VERY well. So far, I've liked each season more than the last. Season 1 is rocky and leads with all its wrong feet, which is one reason why being extensively spoiled helps (I think the rape plotline is a lot easier to tolerate when you know that Max isn't a disposable character being broken to show how grimdark things are, she's going to be taking over the world for the rest of the show) (at the end of S3, I realized that there are currently three plot threads about different women handling leadership/power, and I like that a lot). The end of season 1 and the whole of season 2 is when I really got hooked, and season 3 I liked even better.

I am greatly looking forwards to season 4, but am currently postponing starting it for a few days for the sake of prolonging the experience.

All of the seasons have had elements that haven't worked for me (I am so so bored by Charles Vane, so so bored), and you can see the points when the writers are trying to crow-bar things to get to a particular Cool Moment they want, and the writing's sometimes bad though sometimes very good.

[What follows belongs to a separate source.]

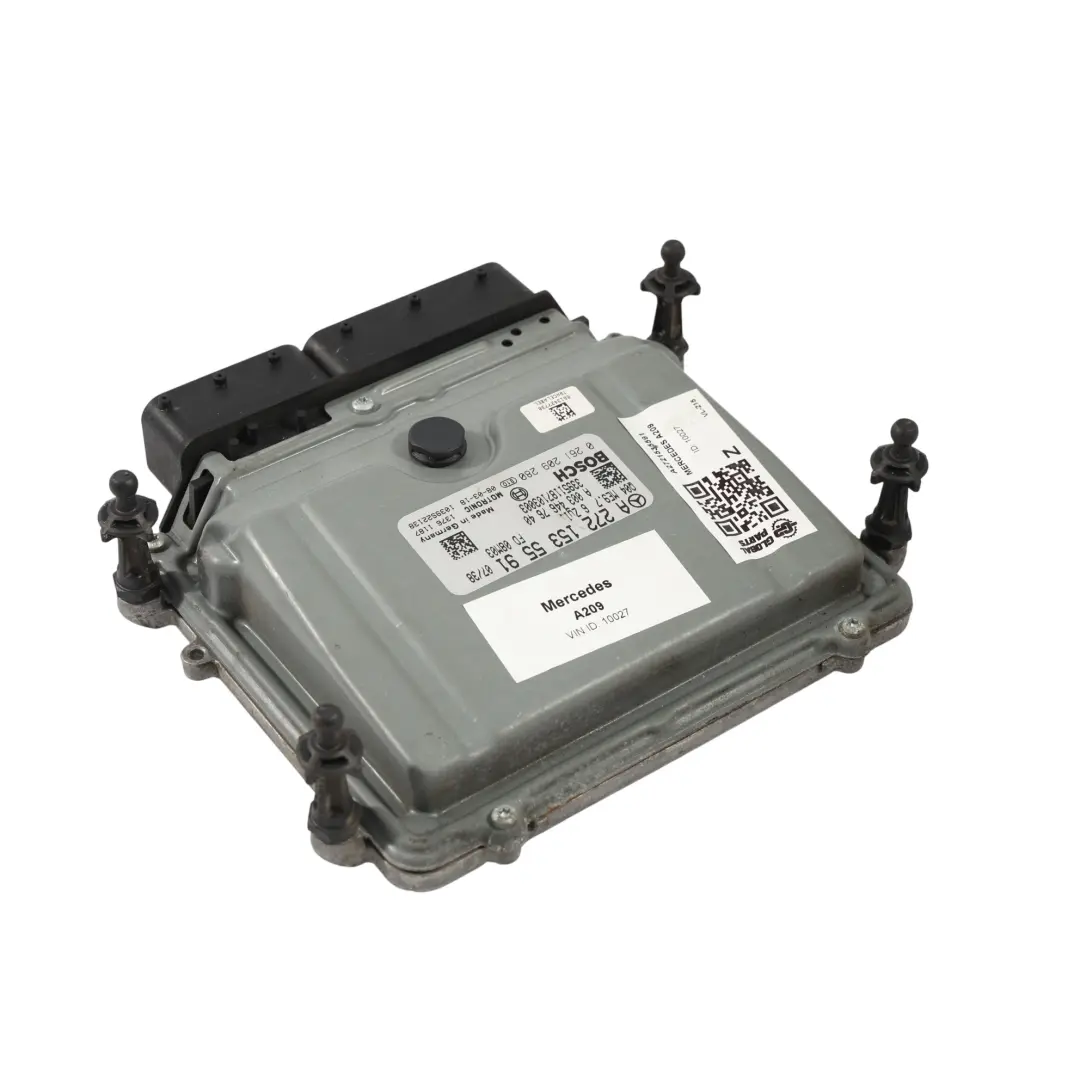 Mercedes A209 Engine Control Unit Module ECU 231HP Petrol Automatic - SKU A2721535591 - Part number A2721535591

But it's full of unexpected good things, including things I've not really seen on television before. And the character development is glorious.

Further babbling and links to follow, I hope, but I'm going to post this now as Firefox keeps threatening to eat it and I have to run off and climb things in a bit.
rydra_wong: Lee Miller photo showing two women wearing metal fire masks in England during WWII. (Default)

[personal profile] rydra_wong 2017-10-29 07:10 pm (UTC)(link)
Particular things I have not really seen elsewhere on tv include:

The Anne Bonny-Max-Jack storyline. Whether one reads Anne as lesbian or bisexual (and apparently there is heated fannish Discourse about this -- "calling her a lesbian is bi erasure" versus "you're erasing the identity of lesbians who have had sex with men in their pasts" - and personally so far I think it comes down to "it depends how she'd personally choose to identify if brought into the present day and required to choose between two 20th-century terms neither of which even has equivalents in her historical context"), it's very clearly a story about her discovering that loving women sexually/romantically is a huge and essential part of her being, and leagues different from her experiences of sex with men. It's not "oh hey she can be attracted to women too".

... and at the same time, her life partner (in all possible senses) is this dude.

And the show lets her struggle with it and try to work out how to reconcile these things and fit them together in her life, and handles it with a complexity and nuance I really didn't expect to see, and lets the characters react and bounce off each other in unexpected ways and doesn't demean or villainize any of them (this is the point when I started adoring Toby Schmitz's Jack Rackham).

These are among the posts that made me think "... huh, maybe I should check out this show", and I was not disappointed:

http://havingbeenbreathedout.tumblr.com/post/162966005293/on-queer-friendship-fandom-and-negative
http://havingbeenbreathedout.tumblr.com/post/163140211543/thank-youuuuuuu-for-your-posts-on-representations

Miranda Barlow/Hamilton. MIRAAAAANDA. Because she's not stabbing people with swords or running a pirate town or doing anything Strong Female Character(tm)-ish, she's leading a life of well-behaved seclusion and exile and suffocating in it and this action!!!pirates!!!show gives her agency and perspective. And because the relationship with James (Flint/McGraw) makes no sense if you try to read them as a "couple" and all the sense in the world when you read them as the surviving two-thirds of a broken triad, two people held together and kept apart by this ghost between them. Because her grief and rage could burn down the fucking world. Because the show is explicit that she is the co-creator of the "Captain Flint" persona.